The Bank of England has warned of a “significant” threat from a sharp rise in interest rates to debt-laden households, banks and finance firms.
In its quarterly financial stability report, the Bank called for City regulators to assess how vulnerable borrowers and financial institutions will be to a sharp rates rise and report back in September.
The Bank warned that borrowers would face “significant distress” and “risks could crystalise” if global long-term interest rates were to rise from their current historic lows.
UK borrowers currently benefit from the lowest interest rates on record, with the Bank’s base rate stuck at 0.5 per cent since 2009, while other central banks around the world have also pushed rates to record lows.
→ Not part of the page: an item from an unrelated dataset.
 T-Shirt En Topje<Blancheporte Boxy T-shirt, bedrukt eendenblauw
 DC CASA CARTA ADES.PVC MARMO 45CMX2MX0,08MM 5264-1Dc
This has allowed cash-strapped households to keep on top of mortgage repayments, despite a fall in real incomes, with lenders also relaxing debt demands through forbearance.
The Bank said: “The significant cohorts of UK borrowers could experience financial difficulties if interest rates were to rise during a period of subdued income growth.
“A rise in interest rates without a strengthening in income could significantly increase borrower distress and losses to banks.”
It added that UK household debt remains high as a proportion of income at around 140 per cent, with UK bank lending to households and non-financial firms at around £1.4 trillion.
About 9 per cent of UK mortgage holders will have to take action – such as working longer hours, cutting back on essentials and changing mortgages – if rates were to rise by just one percentage point, it said.
Sir Mervyn King warned in his last public appearance as governor yesterday that many homeowners in their thirties and forties would not survive if interest rates returned to normal.
He said: “I think the idea we are about to return to normal levels of interest rates is premature, and one of the reasons we are not about to return is precisely because so many households have such a high level of household debt.”
A rise in rates could increase bad debt losses at banks, the Bank said yesterday, as well as increase their funding costs.
A two percentage point rise in rates would force 20 per cent of mortgage borrowers to “take actions to afford debt payments”, the Bank added.
It also said some heavily indebted firms, such as property companies, remained particularly vulnerable. It said commercial property loans accounted for about 40 per cent of banks’ corporate loans.
“The most highly leveraged firms have not deleveraged in recent years,” it said.
The Bank ordered the Financial Conduct Authority and the Prudential Regulation Authority to report back to its financial policy committee by September on the risks of a sharp rates rise.
Global stock markets have plunged heavily in recent weeks over the US Federal Reserve’s plans to reduce its quantitative easing drive.
The Bank said some partial adjustments of low interest rates had taken place already – possibly in anticipation of changes in monetary policy.
It said: “Low global interest rates are supporting financial markets. Expectations about any of the drivers of low interest rates could change rapidly and cause an abrupt adjustment to financial market prices.”